En el último segundo, se despidió con un tono trágico, a punto de presenciar el abismal encuentro que había estado buscando. Sentía la corriente del aire atravesar su cuerpo, una sensación que invadió hasta lo más profundo de su conciencia. Era el último suspiro de su vida, el final de una existencia marcada por el sufrimiento, desde su nacimiento hasta el día en que decidió firmar la página final de su historia.
El impacto tuvo un silencioso sonido, un encuentro final con el propósito que tanto buscaba. Su cuerpo desfigurado y quebrado estaba adherido al suelo, la vida se desvaneció en su mirada, dándose cuenta de que al fin pudo ser parte de la nube de viento que desaparecía en la nada. La sangre, mezcla de la tristeza y desesperación con la que solía vivir, empezó a mezclarse con la tierra, tiñendo de tono carmesí el abismo que la contenía.

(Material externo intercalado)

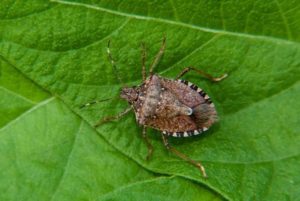Cover photo for Are Stink Bugs Sneaking Into Your Home?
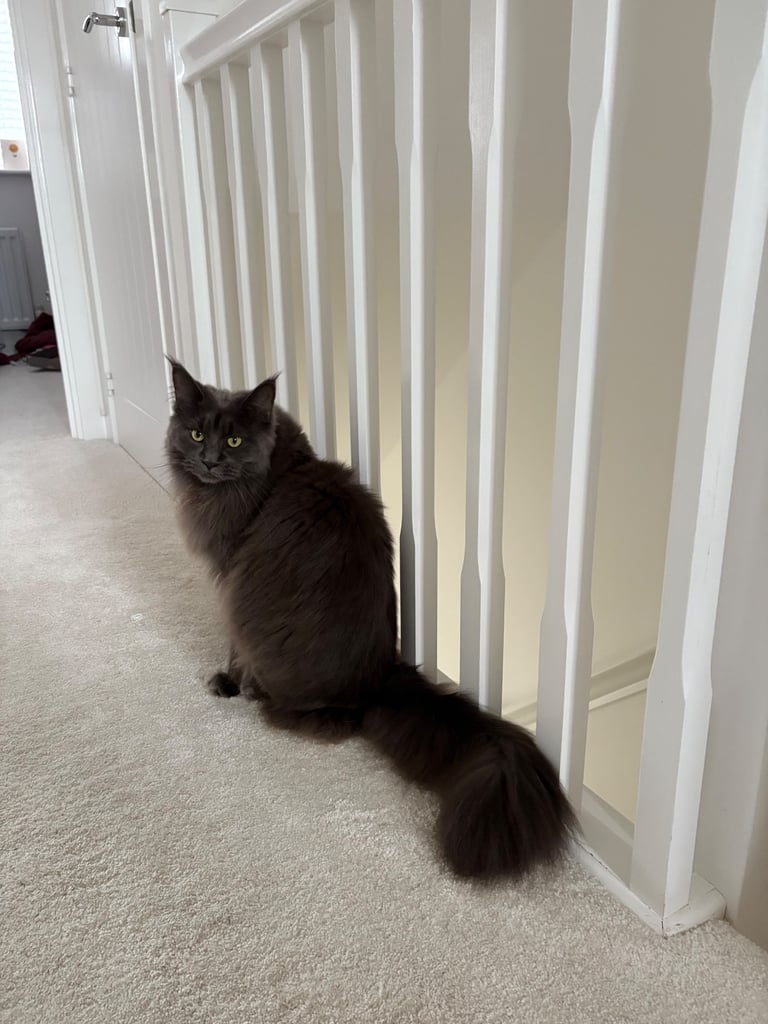 Maine Coon Girl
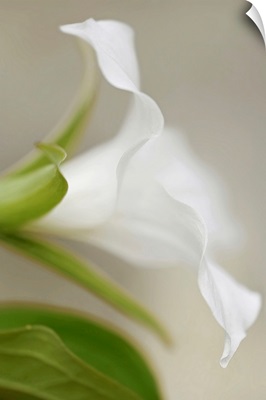 Soft Focus White Lily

La tierra, en su gélido anhelo de esconder toda evidencia que la inculpara de la muerte, absorbió el líquido vital que escurría de la piel de la pequeña. A su alrededor, el viento impactado y expectante de entender el porqué, rodeaba el cuerpo inerte con murmullos desesperados. Rogaba socorro entre gritos silenciosos, pero era inútil; nadie escuchaba los susurros de la corriente, que se perdía en la lejanía del mundo exterior.
Ahora en muerte, nadie se enteraría de dicha calamidad, pues no habrían rastros y facciones que ayudaran a reconocer a la pobre marginada, olvidada y rechazada por las mismas personas que la condenaron a sufrir múltiples cadenas de cobre oxidado que le habían cortado las alas.
En lugar de caminar entre estrellas, y brillar sobre el planeta, ella se transformó en un vacío oscuro, basura de lo que alguna vez fue, ahora absorbida por la noche eterna que cierna el lugar. La gente pasó sin mirar, y con la oscuridad que la envolvía, vio el reflejo de su vida en las sombras de los edificios desamparados que le sirvieron de hogar.